Mehran est craintif. Même s'il n'est qu'un manifestant parmi tant d'autres, il est persuadé que son téléphone est sous écoute et que ses courriels sont lus. Au cours des derniers mois, plusieurs de ses amis ont été renvoyés de l'université. D'autres ont même été exilés vers des villes de province, raconte-t-il.

Lors de notre première rencontre, quelques jours après l'élection présidentielle de juin, Mehran était plus confiant. Il savait que la partie ne serait pas facile, mais il croyait assister au début de la fin de la République islamique.

Six mois plus tard, il est sur le qui-vive plus que jamais. «Même dans les jours qui ont suivi l'élection, ce n'était pas aussi répressif qu'aujourd'hui.»

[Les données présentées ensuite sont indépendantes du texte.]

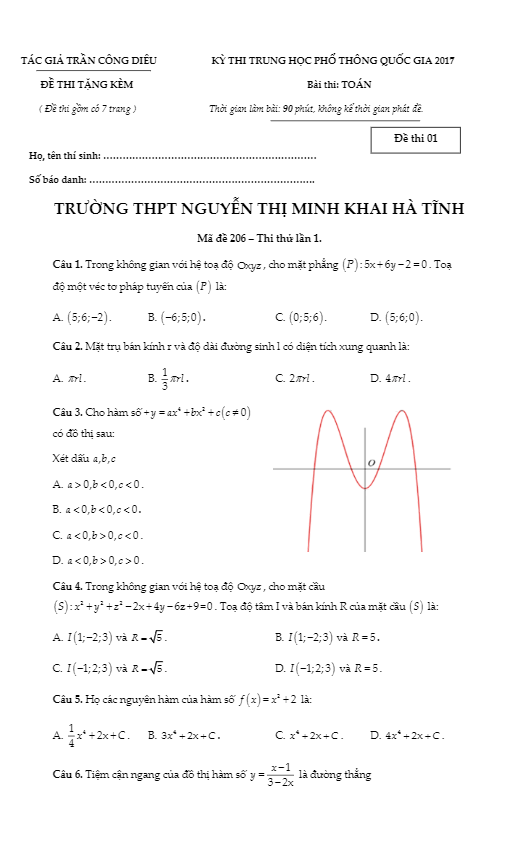 đề thi thử thpt quốc gia 2017 môn toán trường nguyễn thị minh khai – hà tĩnh lần 1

L'étau se resserre et Mehran sent que les appuis à l'opposition s'effritent à l'intérieur du régime. «Même les ayatollahs modérés se sont retournés contre nous. Je crois que c'est parce qu'ils craignent pour leur poste.» La mort de l'ayatollah dissident Ali Montazeri le 19 décembre, à 87 ans, a aussi enlevé à l'opposition l'une de ses principales cautions morales.

Le peuple manipulé

Mais pour Mehran, ce qui fait le plus mal, c'est de voir une partie du peuple rentrer dans les rangs, hypnotisée selon lui par la propagande gouvernementale. «Le pouvoir utilise la religion pour déclencher une guerre dans le peuple. À la télévision, ils ont montré des opposants qui sifflaient après une bataille gagnée (contre les forces de l'ordre) dans la rue. (La narration) disait qu'ils dansaient et sifflaient durant une journée de deuil», s'indigne Mehran.

«La plus grande arme du pouvoir après les bassidjis (milice islamique), c'est la télé. Ce qu'ils montrent à notre sujet, ce sont des scénarios dignes d'Hollywood. Si je dis qu'il n'y a pas beaucoup d'espoir, c'est parce que la majorité du peuple regarde la télé et avale tout, se désole Mehran. Le peuple ne comprend rien.»

Malgré tout, Mehran sent qu'il ne peut pas abandonner. «Quand le sang d'un camarade, d'un ami, d'un citoyen est versé, nous avons une obligation envers lui. Comme envers nos soeurs qui sont violées dans les prisons. Lorsqu'on va aux manifestations et qu'on voit des vieillards et des gamins se faire battre, on se sent responsable, poursuit Mehran. Alors, je dois y aller, pour moi-même. Pour pouvoir me regarder dans le miroir dans 10 ans.»